Global law firm or mom-and-pop shop?

Global legal practice: an argument in favour of maintaining the integrity of the local office.

At the risk of giving away my age, I am a Generation Xer. I grew up “Where the streets have no name”, where “Sweet dreams are made of this” and where “Everybody hurts”. I still remember DOS and saving my law school assignments to floppy disks. I am clearly not a digital native.

It came as a rude awakening, then, to realize that founding my own training company would involve wading into the murky depths of social media. Success, I was told, would depend on my website’s Google ‘pagerank’, my ability to write in ‘hashtags’ and to have my tweets ‘retweeted’, and how many people not only ‘liked’ but also ‘engaged with’ my Facebook content.

The only definitive conclusion I have reached after engaging in this often energy-sapping activity is that, despite all the hype about social media and a clear increase in demand for virtual training, what ultimately matters most to the people I work with is still: (1) expertise, (2) local knowledge and (3) accessibility. This counts as much for training as it does for consulting your doctor or buying fruit from the mom-and-pop shop on the corner, where the lady behind the counter knows your name, that you have an allergy to tomatoes and when the strawberries are at their sweetest.

Like me, lawyers are service providers. Over the last decade or so, the trend of the global law firm has emerged; the law firm with its head office in a financial centre like London and offices in almost every major city in the world. This expansion is largely driven by the imperative to serve clients effectively wherever they may be.

However, when a foreign law firm expands into a local jurisdiction, the risks of doing so are not to be underestimated. On the one hand, if the global law firm in question chooses to merge with the local firm and applies its own unique culture and approach to advising clients at a local level, local lawyers will benefit from a high level of support and training, but might find themselves doing business in a way that is out of step with the demands of their local client base. On the other hand, if the global law firm chooses a loose association with a local firm, local lawyers may suddenly be faced with the prospect of having to understand a different legal system, practice in a foreign language and contend with vastly different cultural norms, perhaps without the appropriate level of support and training.

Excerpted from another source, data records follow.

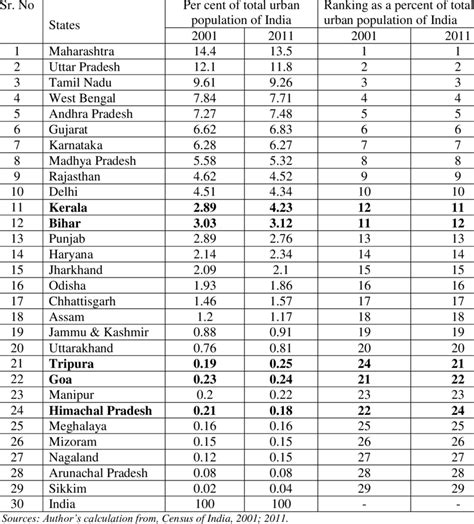 State wise urban population in India 2001 & 2011 (%): | Download ...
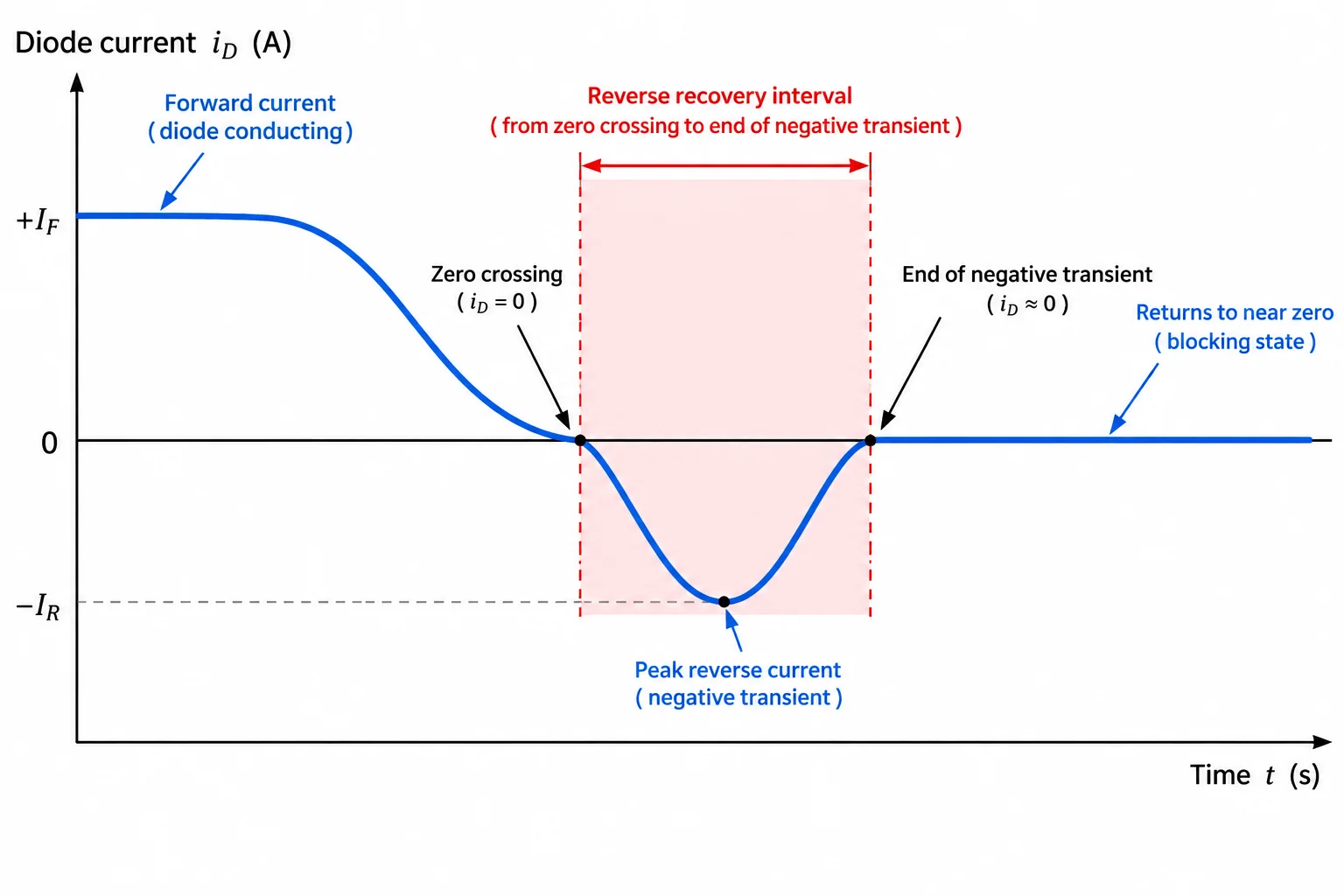 Gráfico de corrente no diodo: após a corrente direta cair a zero, há um pulso negativo transitório antes do bloqueio.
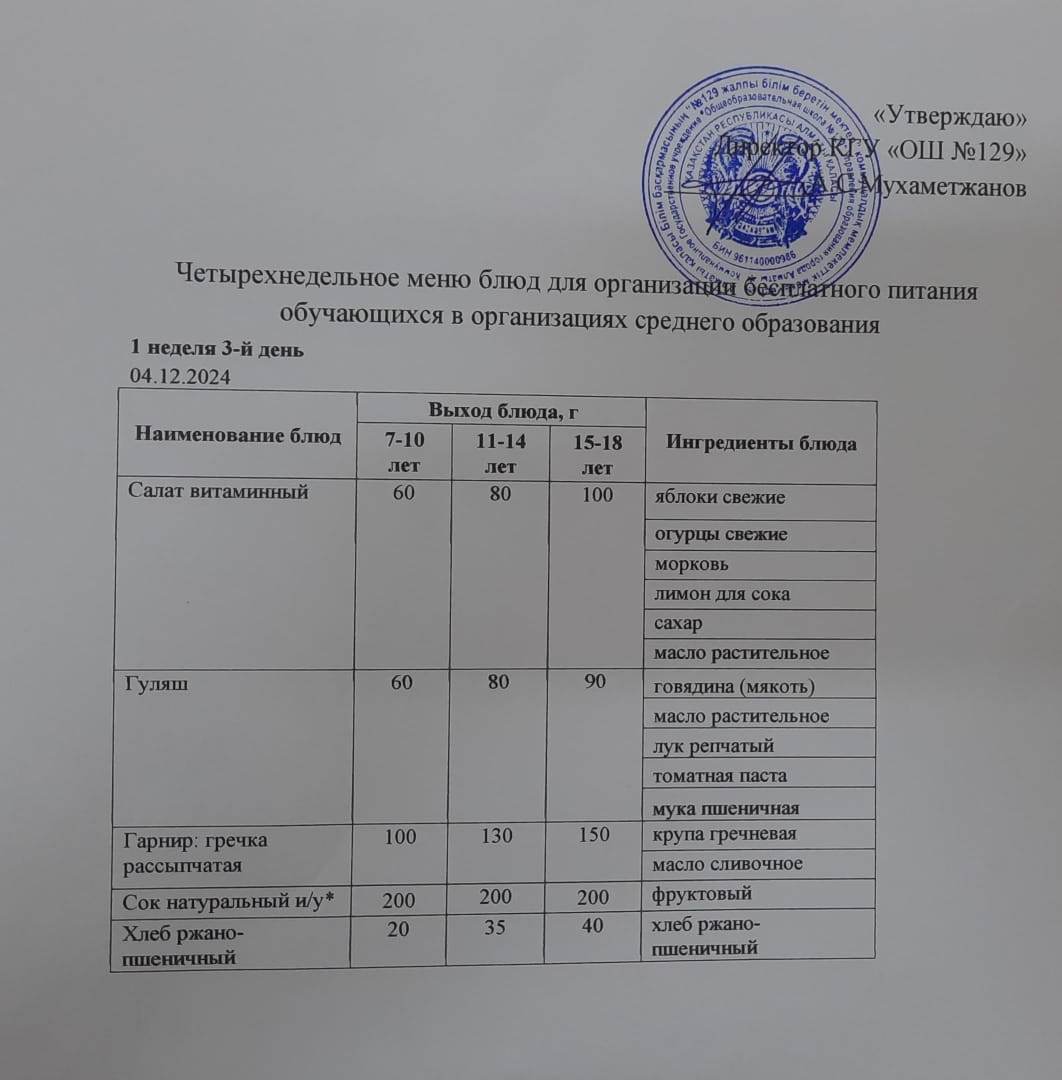04.12.2024 арналған асхана мәзірі/ Меню столовой на 04.12.2024 год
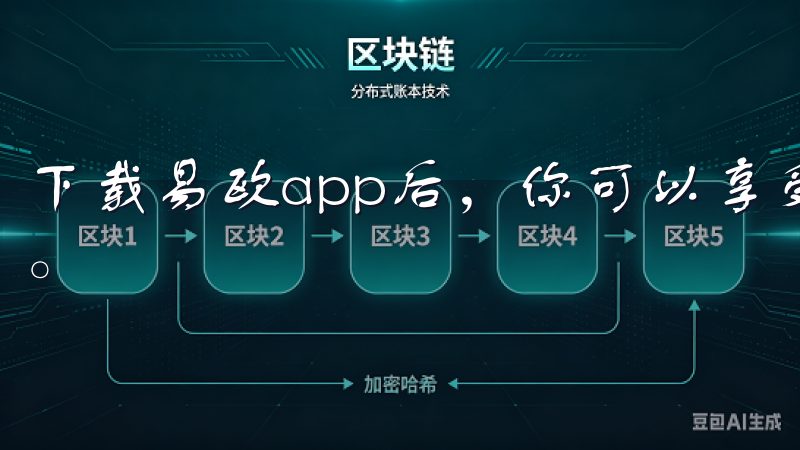 下载易欧app后，你可以享受到全方位的安全保护和便捷服务。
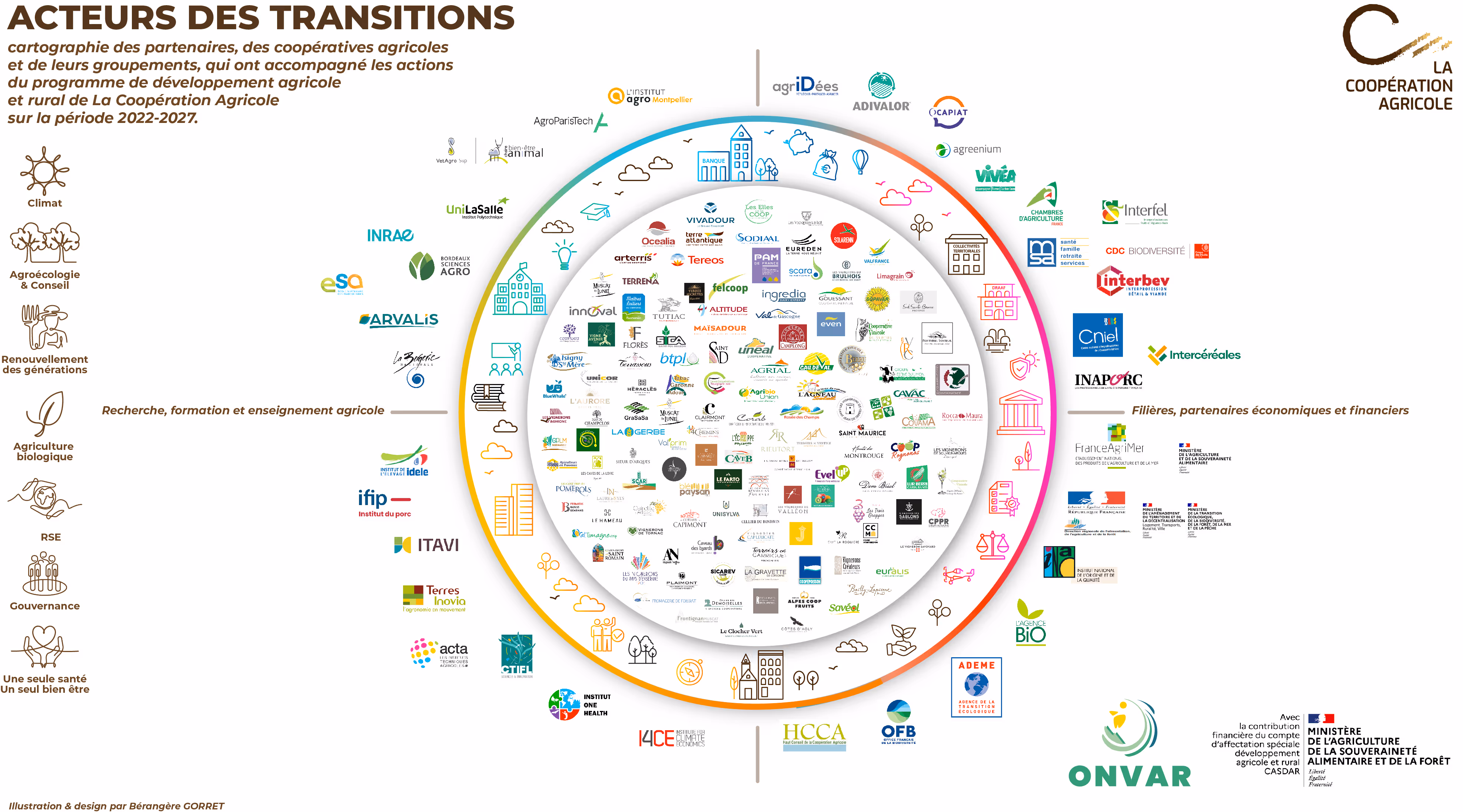 Cartographie des acteurs des transitions agricoles accompagnant La Coopération Agricole entre 2022 et 2027, illustrant les coopératives, institutions, partenaires économiques, filières, centres de recherche et organismes publics impliqués dans des domaines comme le climat, l’agroécologie, le renouvellement des générations, la RSE, l’agriculture biologique et la santé globale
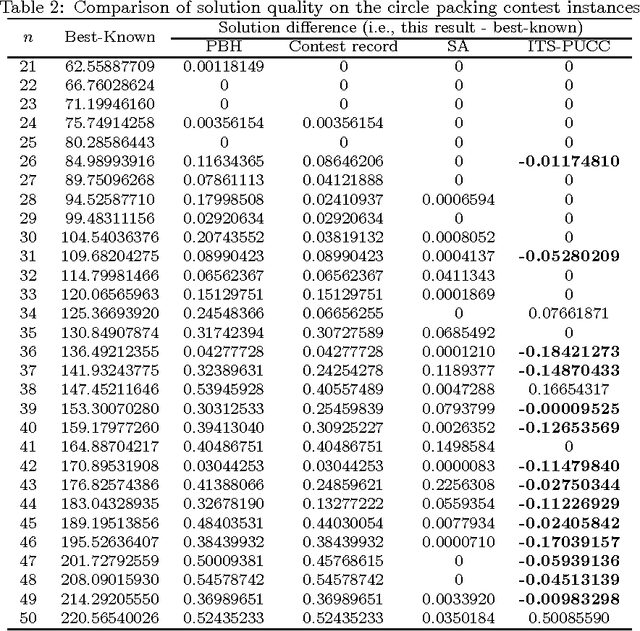 Figure 3 for Iterated Tabu Search Algorithm for Packing Unequal Circles in a Circle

Neither option is ideal, but my own view is that there is a lot to be said for maintaining the integrity of the local office. The most successful global law firms are likely to be those that seek to develop an understanding of how the lawyers in each local office practice law and what makes their clients come back to them for advice time and time again. The key is not to impose on the local office a set of legal, linguistic and cultural values, but rather to draw the best from each jurisdiction’s unique way of serving its clients.

In Germany, where I mainly work, not only are the lawyers often expected to understand the common law system (in many crucial ways a very different system to Germany’s civil law system) but also to provide legal opinions and advice on German law in English and negotiate contracts in English (whether governed by German law or otherwise). This is an enormous challenge and, if not handled correctly, one fraught with risk.

A constructive, two-way dialogue between global law firm and local lawyers could potentially be the key to understanding the training solutions that are appropriate in the case of each individual office.